Task objective: Give again, unaltered, the line with "Hello? Hello? Oh" and all lines that follow it in the listing below, minus any pictures.

Information supplied:
::::::::
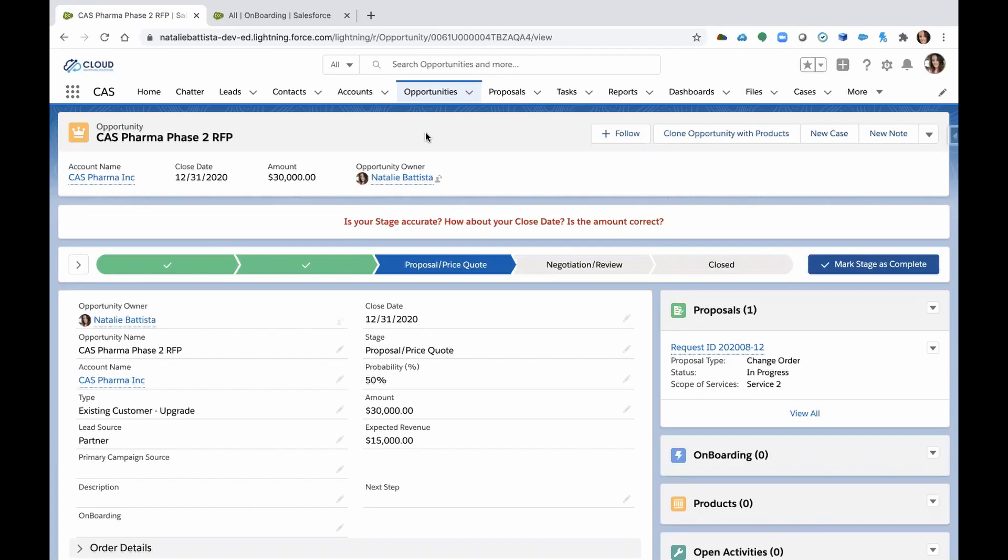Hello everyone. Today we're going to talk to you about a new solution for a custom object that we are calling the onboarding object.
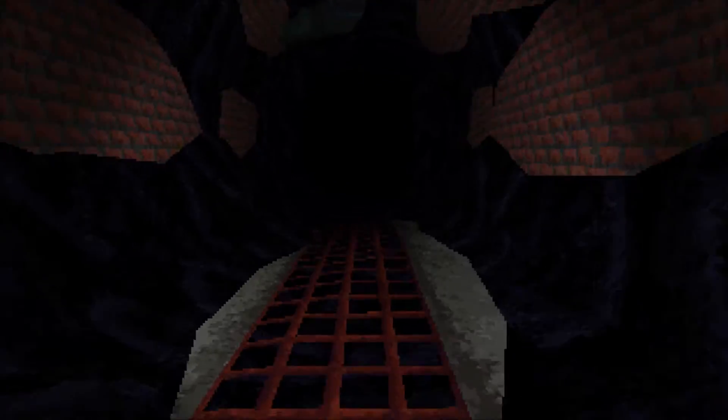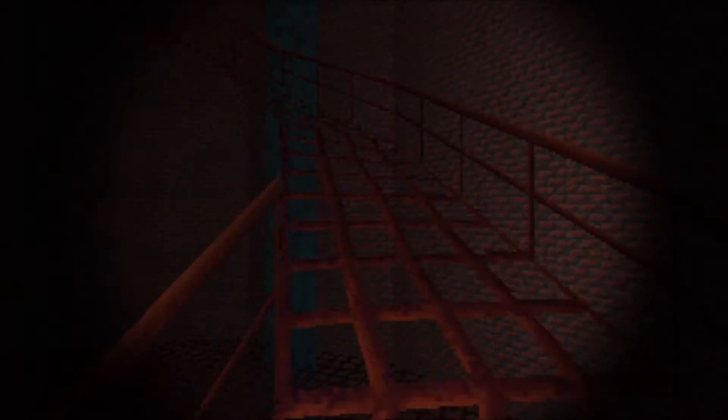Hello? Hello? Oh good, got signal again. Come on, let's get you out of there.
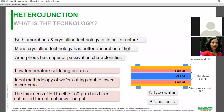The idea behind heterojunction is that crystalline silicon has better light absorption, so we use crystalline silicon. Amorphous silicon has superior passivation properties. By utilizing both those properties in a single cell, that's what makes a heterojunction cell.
::::::::
Output for this task:
Hello? Hello? Oh good, got signal again. Come on, let's get you out of there.
The idea behind heterojunction is that crystalline silicon has better light absorption, so we use crystalline silicon. Amorphous silicon has superior passivation properties. By utilizing both those properties in a single cell, that's what makes a heterojunction cell.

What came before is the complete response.